Monday, July 25, 2011

Pig’s Trotters in Ginger and Sweetened Vinegar 豬腳薑醋


Pig Trotters in Ginger and Sweetened Vinegar01

This traditional Chinese dish conveys a mystical message even in Chinese community, as it’s often cooked for women post-labour. In fact, it’s a dish that everyone, including men, can enjoy, and needless to have a fear of embarrassment. Many Chinese yumcha restaurants offer this dish with a very pricey tag. The pig’s trotters (aka pork knuckles) are so moist, tender and succulent after the slow cooking in the tasty sweetened black vinegar. The natural collagen of pig’s trotters is very good for our health too. Both of my daughter and hubby especially like the hard boiled eggs that soaked in the tasty sauce. They can finish one after another. What I have to do is to make sure they don’t over eat.

Every family has its own version of this dish. The recipe I posted here is adapted from my mother-in-law’s cooking. She used to cook this dish for her daughter and every daughter-in-laws in her family, including me of course. Lucky me, I could learn from her in person during my travel back to Hong Kong. Hope you’d enjoy this dish as much as I do.
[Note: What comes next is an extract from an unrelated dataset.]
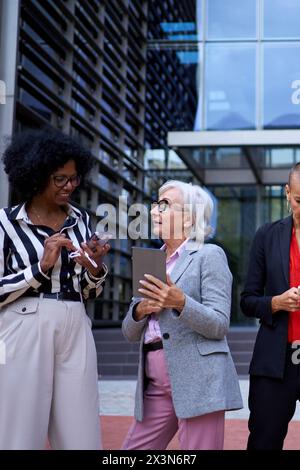Vertikal. Team multikulturellen Geschäftsfrauen in formeller Kleidung, die mit einem Mobiltelefon stehen und aussehen Stockfoto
A side note, my MIL only uses the Pat Chun Sweetened Vinegar(百珍甜醋), because she loves its taste the most and doesn’t need to blend it any other kind of vinegar.
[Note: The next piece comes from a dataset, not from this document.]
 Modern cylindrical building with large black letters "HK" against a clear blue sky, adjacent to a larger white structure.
Trotters in Ginger and Sweetened Vinegar (Printable recipe)
By Christine's Recipes
Prep time: 30 mins
Cook time: 120mins

Ingredients:
  • 730 gm pork trotter (pork hocks/pork knuckles)
  • 200 gm ginger, old or young
  • 2 bottles (600ml each) sweetened black vinegar (I used Pat Chun sweetened vinegar)
  • 6 eggs

Peel Ginger

Sweetened Rice Vinegar

Method:
  • Peel the ginger. Cut into smaller pieces if it’s too large. Lightly bruise the ginger with the broad side of a cleaver or chef’s knife. Cook over low heat on a wok or fry pan without any oil. (This cooking method is called “white wok” (白鑊) in Chinese, that means frying without any oil.) By doing so, help the ginger dries up the water inside as much as possible. Make sure not to burn the ginger though. When the ginger looks dry, add a bit of oil, fry the ginger until aromatic. Set aside.
  • Use a large clay pot or a casserole (Don’t use cast iron or metal ones though, not suitable for cooking vinegar.) Pour in the vinegar. Cook over medium heat and bring it to boil. Add the ginger. When it boils again, reduce heat to low and simmer for another 10 minutes. Remove from heat and let cool completely. Cover and store at a cool and shady place, the vinegar and ginger will keep longer. Or place in a fridge, let the ginger absorb the flavour. You need to cook the ginger vinegar and bring it to a boil once a week, then let cool. If the vinegar is not polluted, it could last for 4 to 5 weeks, long enough to sustain for consuming during confinement period.
  • Rinse and clean the pork trotters/hocks, remove any hairs if any. Blanch in boiling water for about 20 minutes to remove any impurities and blood. Drain well. Set aside.
  • Remove ginger vinegar from fridge. Place at room temperature for a while. Then cook and bring it to a boil. Add the pig’s trotters. When it boils, reduce heat and simmer for about 1 hour, or until the pork becomes tender.
  • While cooking the pork, prepare hard boiled eggs: Place eggs and water in a saucepan, the water should cover the eggs. Turn on the heat, cook the eggs on medium heat and bring to boil. Reduce heat and simmer for 6 minutes. Drain out the eggs with a slotted spoon and immediately transfer to a bowl of very cold water. Leave to cool completely. Shell the eggs.
  • Transfer the eggs to the ginger vinegar. When it boils again. Turn off the heat. Let the eggs soak in the vinegar until turned brown on surface. Done. Serve hot.
Pig Trotters in Ginger and Sweetened Vinegar02

Notes:
  • The amount of ginger used here was quite small compared to an ordinary confinement one as I just cooked this to ease our craving. You could adjust the amount of ginger and pork to your preference. It’s very flexible.
  • Make sure the vinegar cover all the ingredients, so get a clay pot or casserole in the right size.
  • The traditional way of making this confinement dish for women is to use old ginger. That said, old ginger is good for helping women to expel wind from abdomen and get speedy recovery from giving birth. However, the woody, fiberous texture of old ginger is quite tough, not an enjoyment to eat for some people. Thus, if you don’t cook it as a confinement dish, just like me, use young ginger. You’ll enjoy the less hot taste and tender texture of young ginger more.
Other yummy pig trotter recipes:

43 comments :

  1. In fact my hubby enjoyed this 猪脚醋 more than me. Better don't let him sees this... hahaa..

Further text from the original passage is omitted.